The proof goes like this (writing @{term"j"} instead of @{typ"nat"}).
Since @{prop"i = Suc j"} it suffices to show
@{prop"j < f(Suc j)"} (by @{thm[source]Suc_leI}: @{thm"Suc_leI"[no_vars]}). This is
proved as follows. From @{thm[source]f_ax} we have @{prop"f (f j) < f (Suc j)"}
(1) which implies @{prop"f j <= f (f j)"} (by the induction hypothesis).
Using (1) once more we obtain @{prop"f j < f(Suc j)"} (2) by transitivity
(@{thm[source]le_less_trans}: @{thm"le_less_trans"[no_vars]}).
Using the induction hypothesis once more we obtain @{prop"j <= f j"}
which, together with (2) yields @{prop"j < f (Suc j)"} (again by
@{thm[source]le_less_trans}).

This last step shows both the power and the danger of automatic proofs: they
will usually not tell you how the proof goes, because it can be very hard to
translate the internal proof into a human-readable format. Therefore
\S\ref{sec:part2?} introduces a language for writing readable yet concise
proofs.

We can now derive the desired @{prop"i <= f i"} from @{text"f_incr"}:
*};

lemmas f_incr = f_incr_lem[rule_format, OF refl];

text{*\noindent
The final @{thm[source]refl} gets rid of the premise @{text"?k = f ?i"}. Again,
we could have included this derivation in the original statement of the lemma:
*};

lemma f_incr[rule_format, OF refl]: "\<forall>i. k = f i \<longrightarrow> i \<le> f i";
(*<*)oops;(*>*)

text{*
\begin{exercise}
From the above axiom and lemma for @{term"f"} show that @{term"f"} is the
identity.
\end{exercise}

In general, @{text induct_tac} can be applied with any rule $r$
whose conclusion is of the form ${?}P~?x@1 \dots ?x@n$, in which case the
format is
\begin{quote}
\isacommand{apply}@{text"(induct_tac"} $y@1 \dots y@n$ @{text"rule:"} $r$@{text")"}
\end{quote}\index{*induct_tac}%
where $y@1, \dots, y@n$ are variables in the first subgoal.
A further example of a useful induction rule is @{thm[source]length_induct},
induction on the length of a list:\indexbold{*length_induct}
@{thm[display]length_induct[no_vars]}

In fact, @{text"induct_tac"} even allows the conclusion of
$r$ to be an (iterated) conjunction of formulae of the above form, in
which case the application is
\begin{quote}
\isacommand{apply}@{text"(induct_tac"} $y@1 \dots y@n$ @{text"and"} \dots\ @{text"and"} $z@1 \dots z@m$ @{text"rule:"} $r$@{text")"}
\end{quote}
*};

subsection{*Derivation of new induction schemas*};

text{*\label{sec:derive-ind}
Induction schemas are ordinary theorems and you can derive new ones
whenever you wish.  This section shows you how to, using the example
of @{thm[source]nat_less_induct}. Assume we only have structural induction
available for @{typ"nat"} and want to derive complete induction.

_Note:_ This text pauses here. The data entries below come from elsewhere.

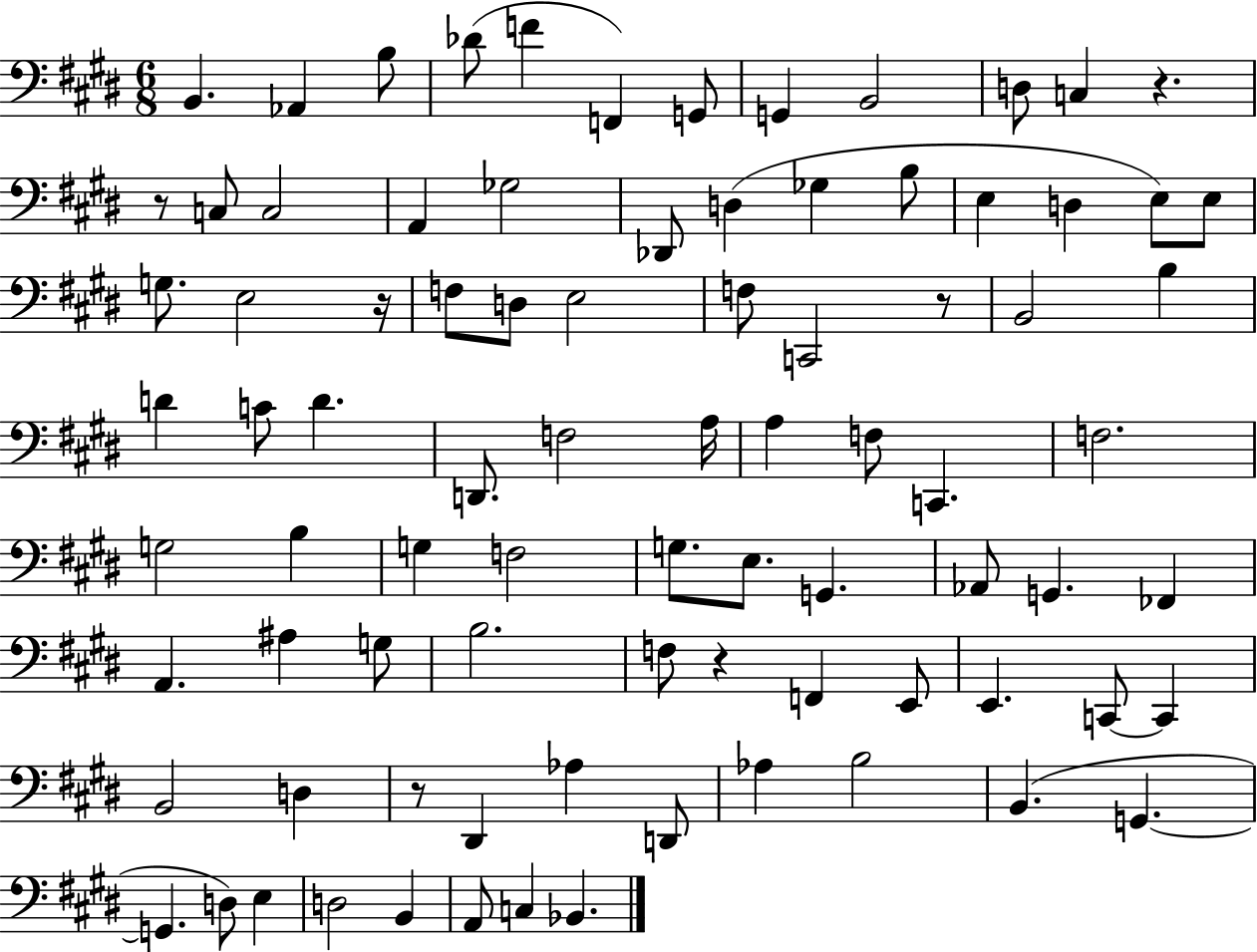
B2/q. Ab2/q B3/e Db4/e F4/q F2/q G2/e G2/q B2/h D3/e C3/q R/q. R/e C3/e C3/h A2/q Gb3/h Db2/e D3/q Gb3/q B3/e E3/q D3/q E3/e E3/e G3/e. E3/h R/s F3/e D3/e E3/h F3/e C2/h R/e B2/h B3/q D4/q C4/e D4/q. D2/e. F3/h A3/s A3/q F3/e C2/q. F3/h. G3/h B3/q G3/q F3/h G3/e. E3/e. G2/q. Ab2/e G2/q. FES2/q A2/q. A#3/q G3/e B3/h. F3/e R/q F2/q E2/e E2/q. C2/e C2/q B2/h D3/q R/e D#2/q Ab3/q D2/e Ab3/q B3/h B2/q. G2/q. G2/q. D3/e E3/q D3/h B2/q A2/e C3/q Bb2/q. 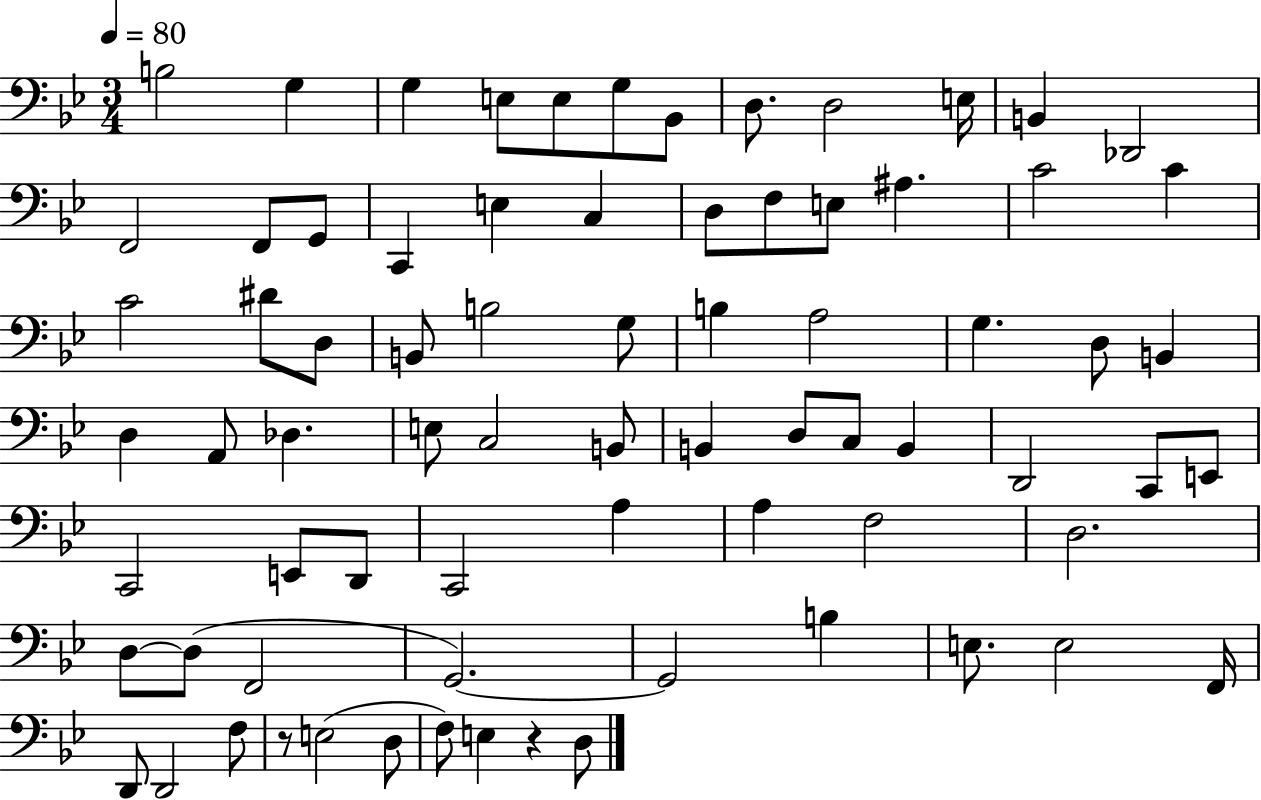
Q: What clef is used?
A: bass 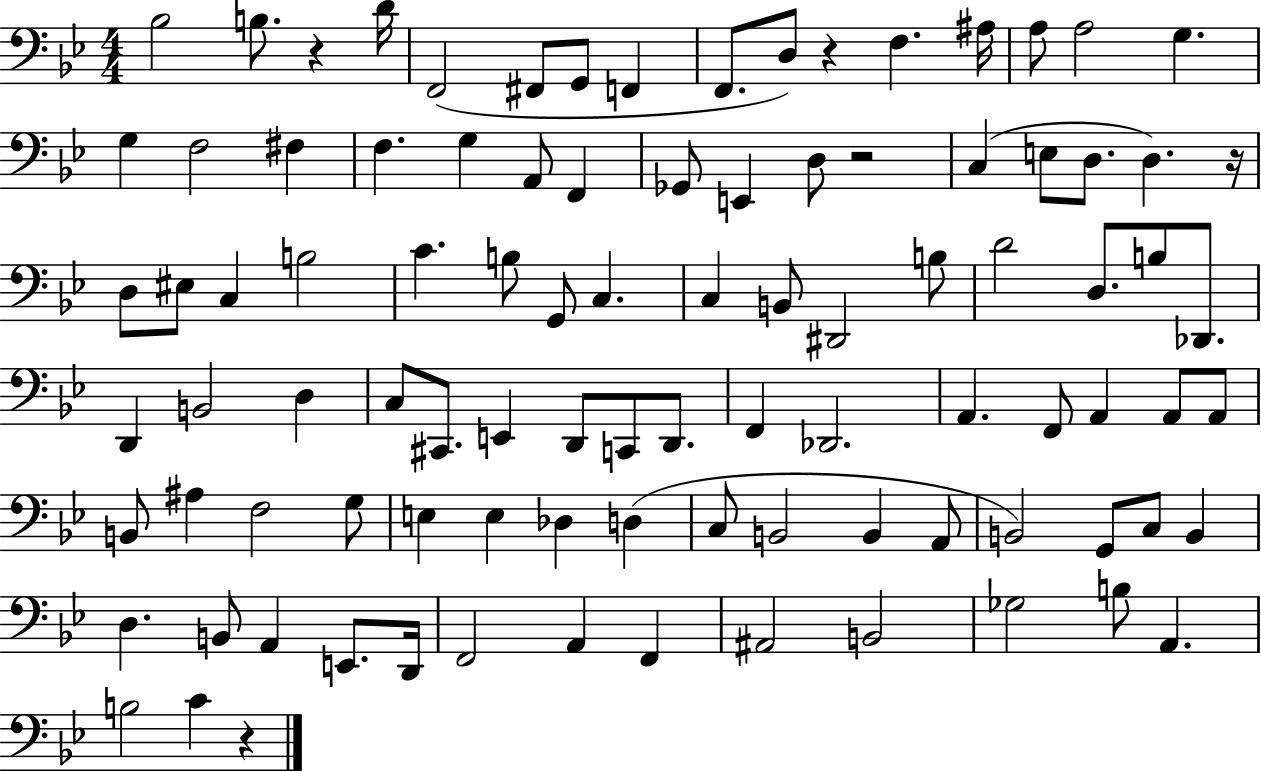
{
  \clef bass
  \numericTimeSignature
  \time 4/4
  \key bes \major
  bes2 b8. r4 d'16 | f,2( fis,8 g,8 f,4 | f,8. d8) r4 f4. ais16 | a8 a2 g4. | \break g4 f2 fis4 | f4. g4 a,8 f,4 | ges,8 e,4 d8 r2 | c4( e8 d8. d4.) r16 | \break d8 eis8 c4 b2 | c'4. b8 g,8 c4. | c4 b,8 dis,2 b8 | d'2 d8. b8 des,8. | \break d,4 b,2 d4 | c8 cis,8. e,4 d,8 c,8 d,8. | f,4 des,2. | a,4. f,8 a,4 a,8 a,8 | \break b,8 ais4 f2 g8 | e4 e4 des4 d4( | c8 b,2 b,4 a,8 | b,2) g,8 c8 b,4 | \break d4. b,8 a,4 e,8. d,16 | f,2 a,4 f,4 | ais,2 b,2 | ges2 b8 a,4. | \break b2 c'4 r4 | \bar "|."
} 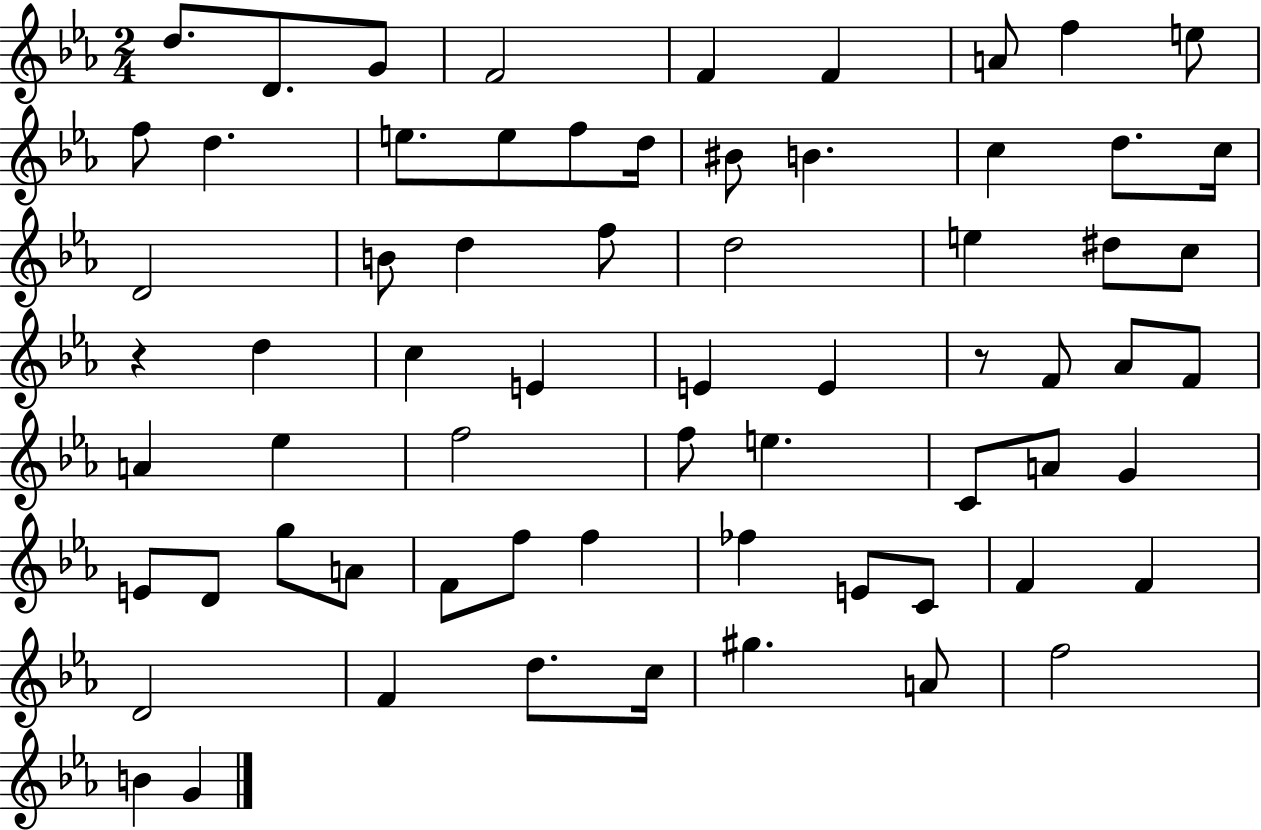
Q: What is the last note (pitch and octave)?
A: G4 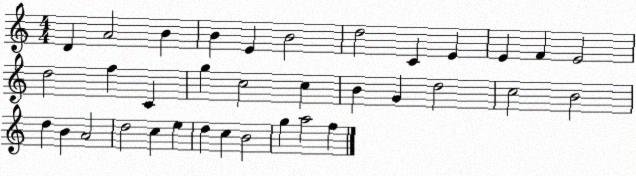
X:1
T:Untitled
M:4/4
L:1/4
K:C
D A2 B B E B2 d2 C E E F E2 d2 f C g c2 c B G d2 c2 B2 d B A2 d2 c e d c B2 g a2 f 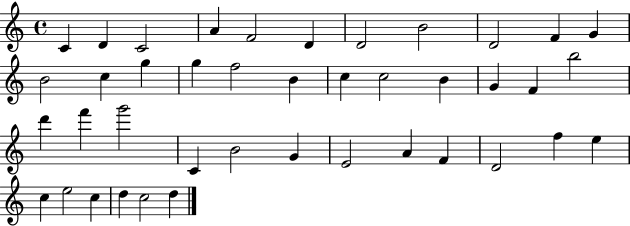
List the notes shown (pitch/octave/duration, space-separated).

C4/q D4/q C4/h A4/q F4/h D4/q D4/h B4/h D4/h F4/q G4/q B4/h C5/q G5/q G5/q F5/h B4/q C5/q C5/h B4/q G4/q F4/q B5/h D6/q F6/q G6/h C4/q B4/h G4/q E4/h A4/q F4/q D4/h F5/q E5/q C5/q E5/h C5/q D5/q C5/h D5/q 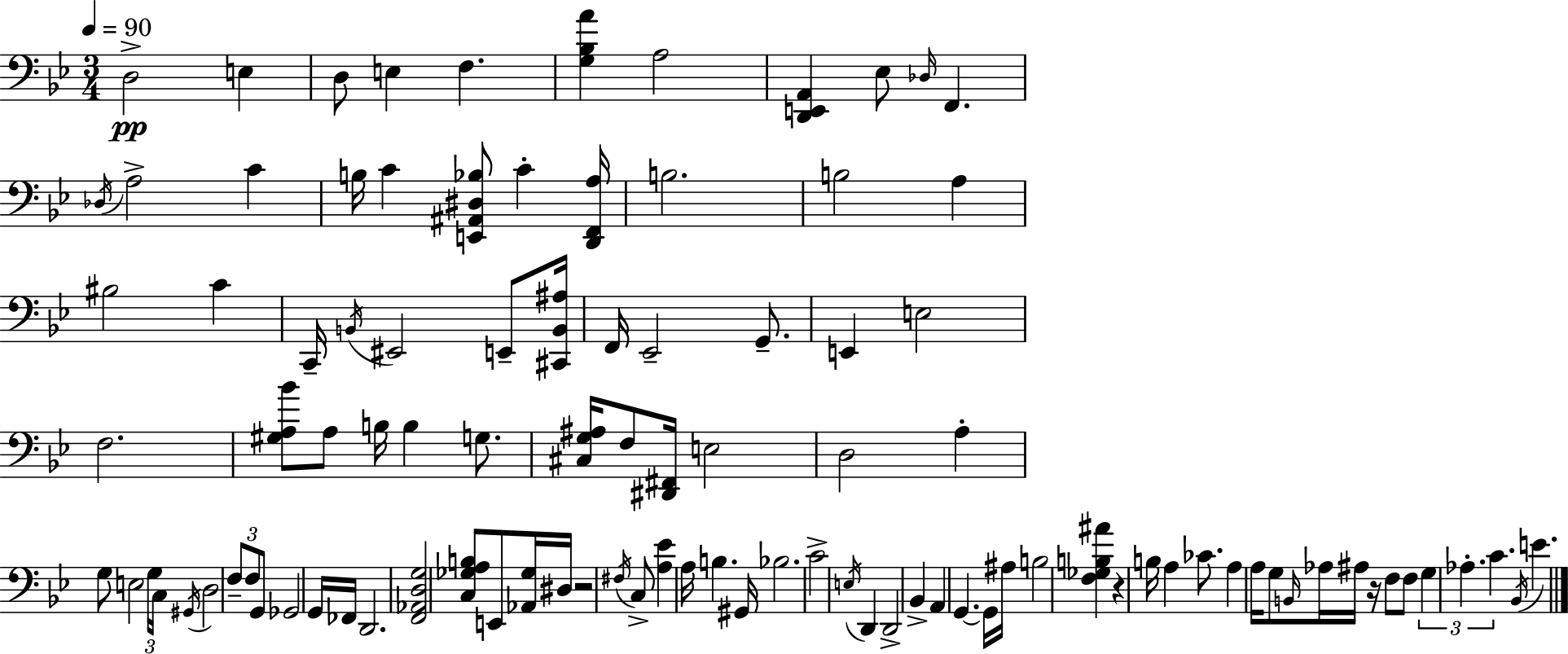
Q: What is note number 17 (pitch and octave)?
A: B3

This
requires us to generalize the statement first:
*};

lemma induct_lem: "(\<And>n::nat. \<forall>m<n. P m \<Longrightarrow> P n) \<Longrightarrow> \<forall>m<n. P m";
apply(induct_tac n);

txt{*\noindent
The base case is trivially true. For the induction step (@{prop"m <
Suc n"}) we distinguish two cases: case @{prop"m < n"} is true by induction
hypothesis and case @{prop"m = n"} follows from the assumption, again using
the induction hypothesis:
*};
apply(blast);
by(blast elim:less_SucE)

text{*\noindent
The elimination rule @{thm[source]less_SucE} expresses the case distinction:
@{thm[display]"less_SucE"[no_vars]}

Now it is straightforward to derive the original version of
@{thm[source]nat_less_induct} by manipulting the conclusion of the above lemma:
instantiate @{term"n"} by @{term"Suc n"} and @{term"m"} by @{term"n"} and
remove the trivial condition @{prop"n < Suc n"}. Fortunately, this
happens automatically when we add the lemma as a new premise to the
desired goal:
*};

theorem nat_less_induct: "(\<And>n::nat. \<forall>m<n. P m \<Longrightarrow> P n) \<Longrightarrow> P n";
by(insert induct_lem, blast);

text{*
Finally we should remind the reader that HOL already provides the mother of
all inductions, well-founded induction (see \S\ref{sec:Well-founded}).  For
example theorem @{thm[source]nat_less_induct} can be viewed (and derived) as
a special case of @{thm[source]wf_induct} where @{term r} is @{text"<"} on
@{typ nat}. The details can be found in the HOL library.
*};

(*<*)
end
(*>*)